_REQUIRED ACTION_
Pictures aside, restate the records below exactly as written.

_Data extracted from a collection_

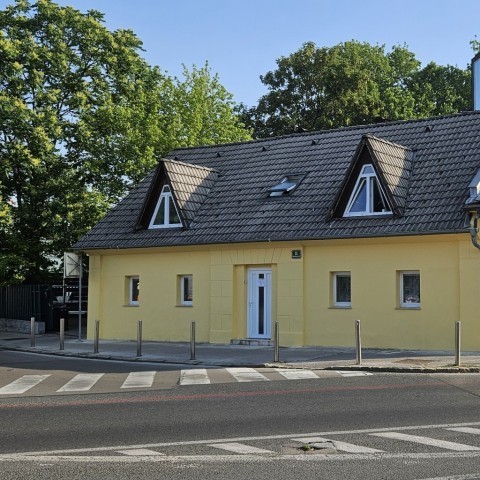 Obnovljena fasada na Malenškovi 11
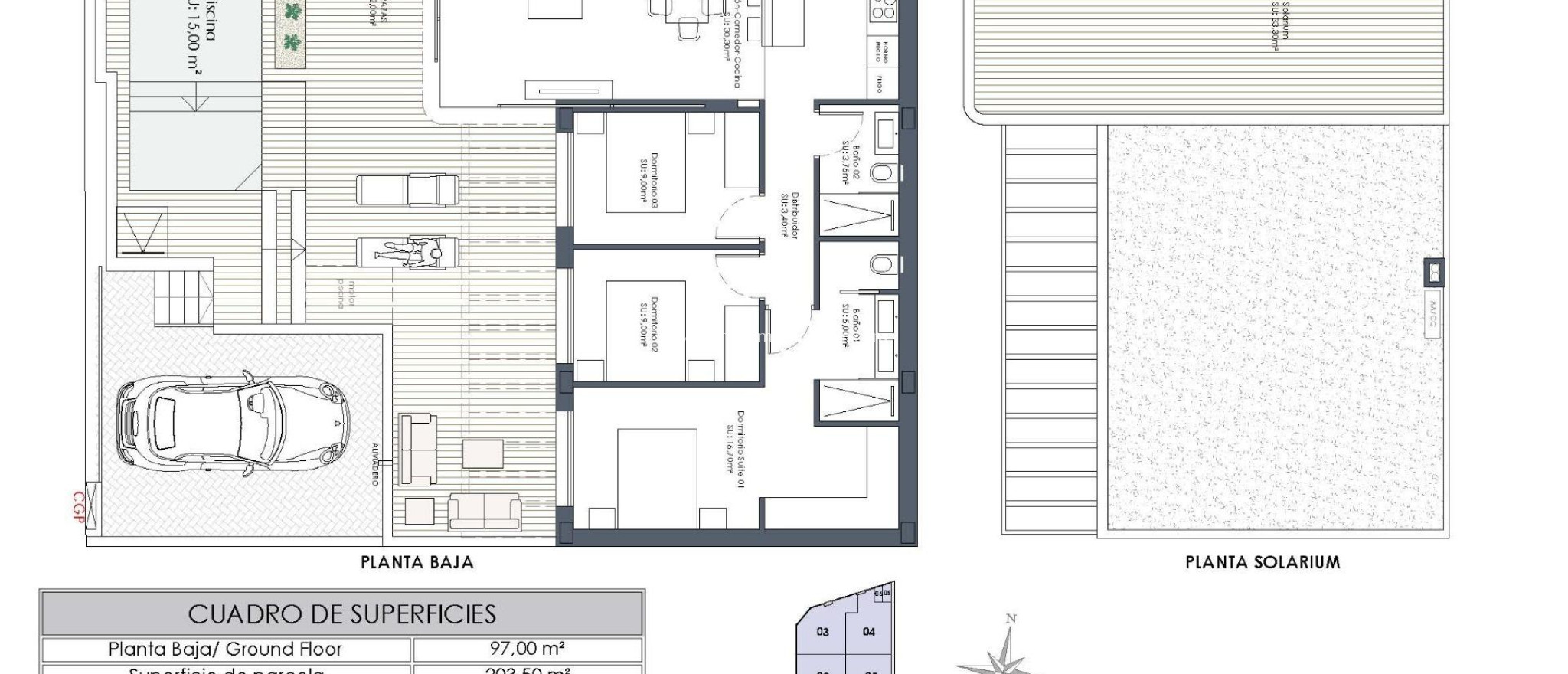 Nouvelle Construction - Maison Mitoyenne - Dolores - Sector 3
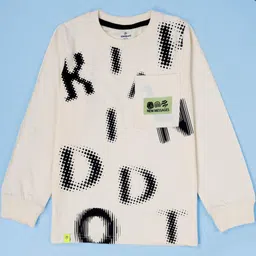 KiddoPanti Boys Printed Pockets T-shirt-picture-1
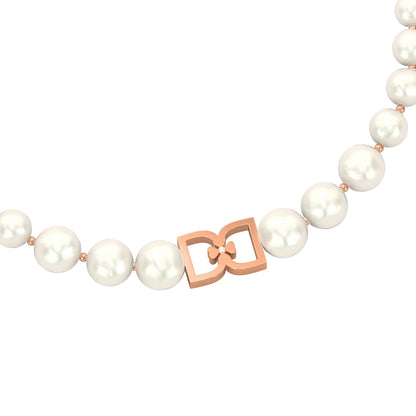 DD Choker - Roségold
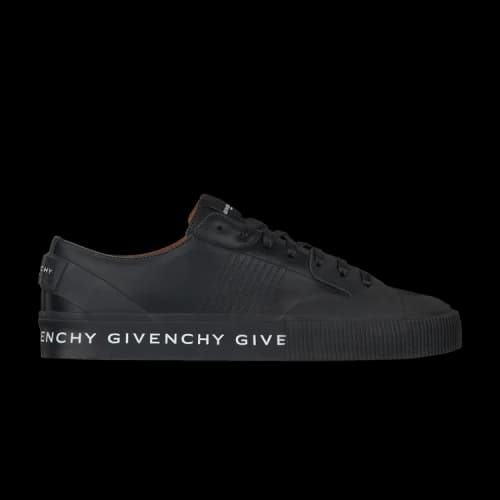 Givenchy Tennis Light Low 'Logo Print - Black'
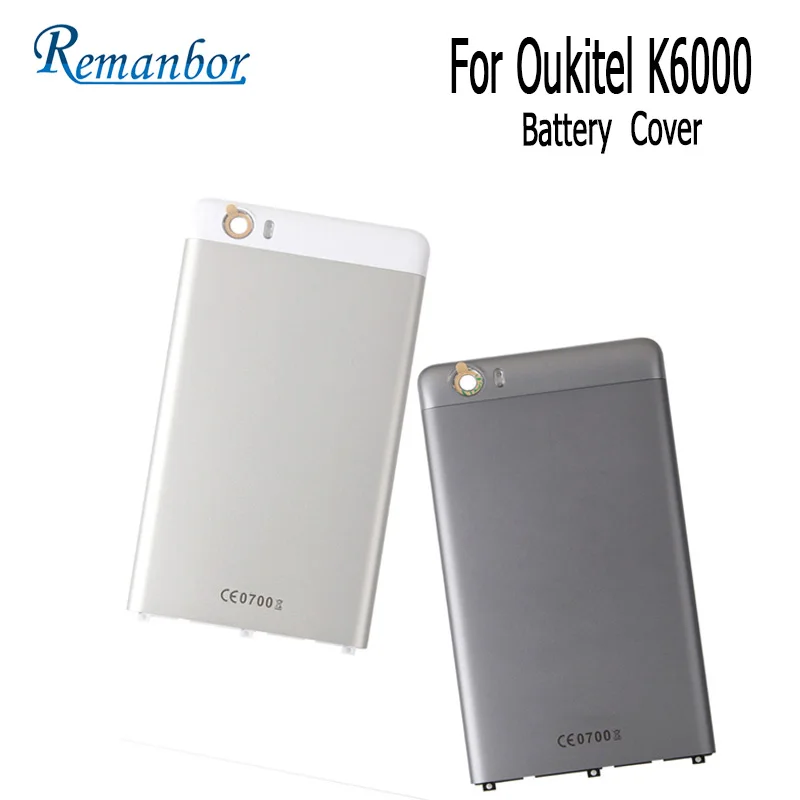 

Remanbor For Oukitel K6000 battery case 100% High Quality Protective Battery Case Back Cover For Oukitel K6000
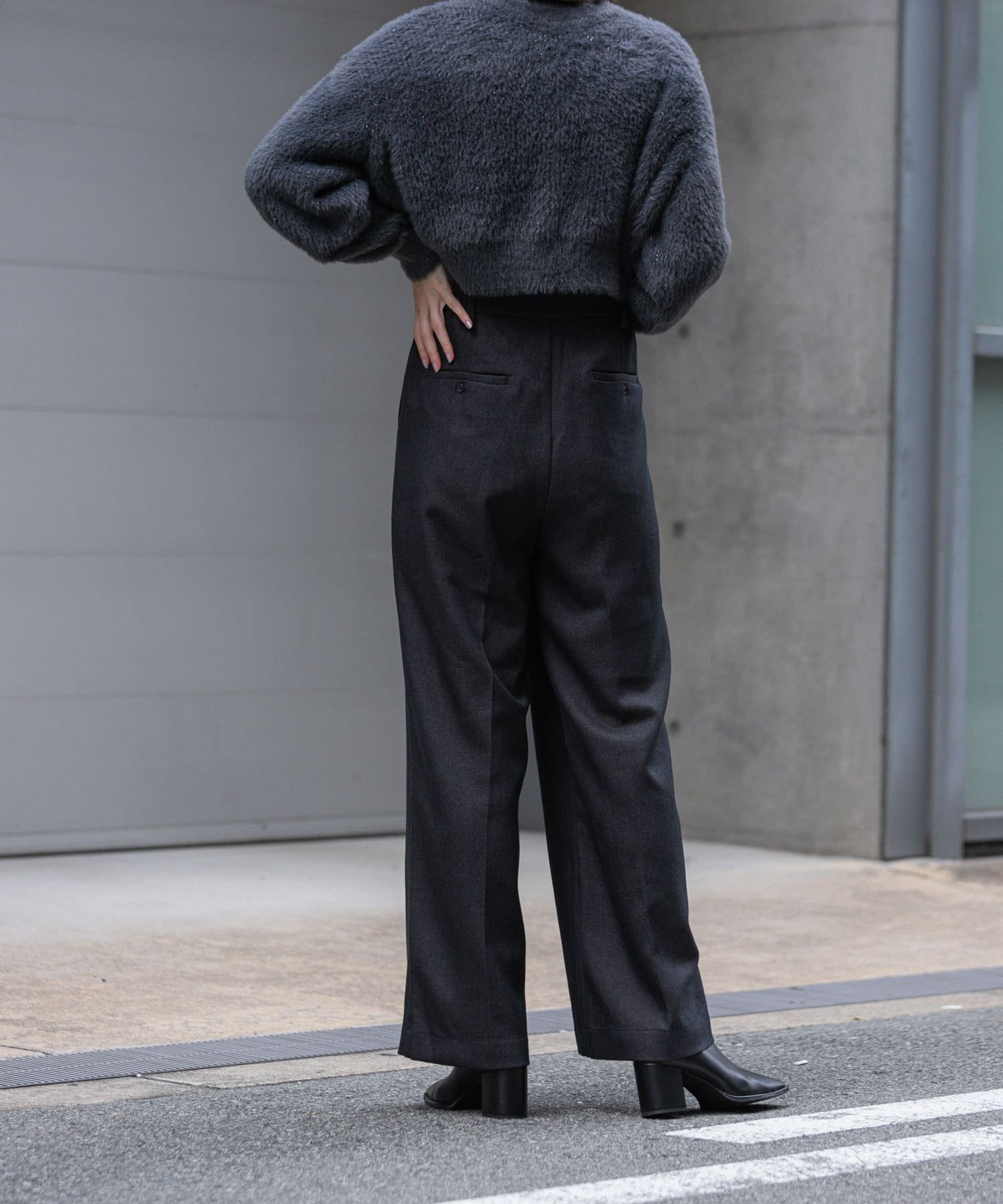 身長：169cm サイズ：L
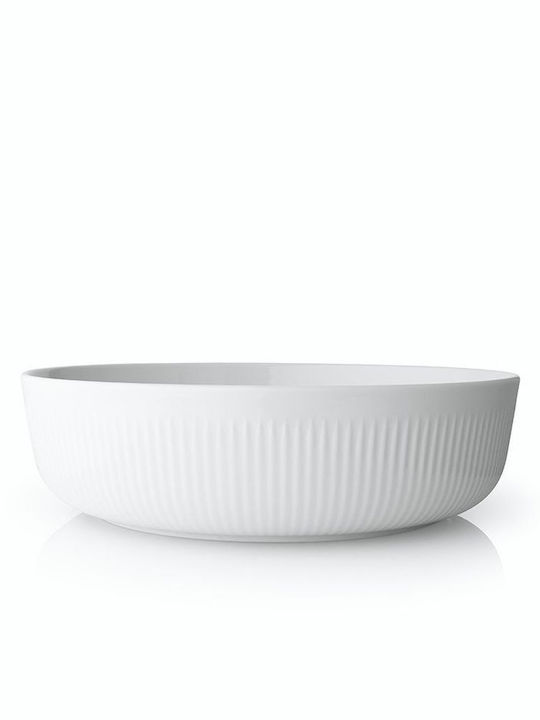 Eva Solo Porcelain Salad Bowl White 28.5x8.1cm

_EXERCISE SOLUTION_
 Obnovljena fasada na Malenškovi 11
 Nouvelle Construction - Maison Mitoyenne - Dolores - Sector 3
 KiddoPanti Boys Printed Pockets T-shirt-picture-1
 DD Choker - Roségold
 Givenchy Tennis Light Low 'Logo Print - Black'

Remanbor For Oukitel K6000 battery case 100% High Quality Protective Battery Case Back Cover For Oukitel K6000
 身長：169cm サイズ：L
 Eva Solo Porcelain Salad Bowl White 28.5x8.1cm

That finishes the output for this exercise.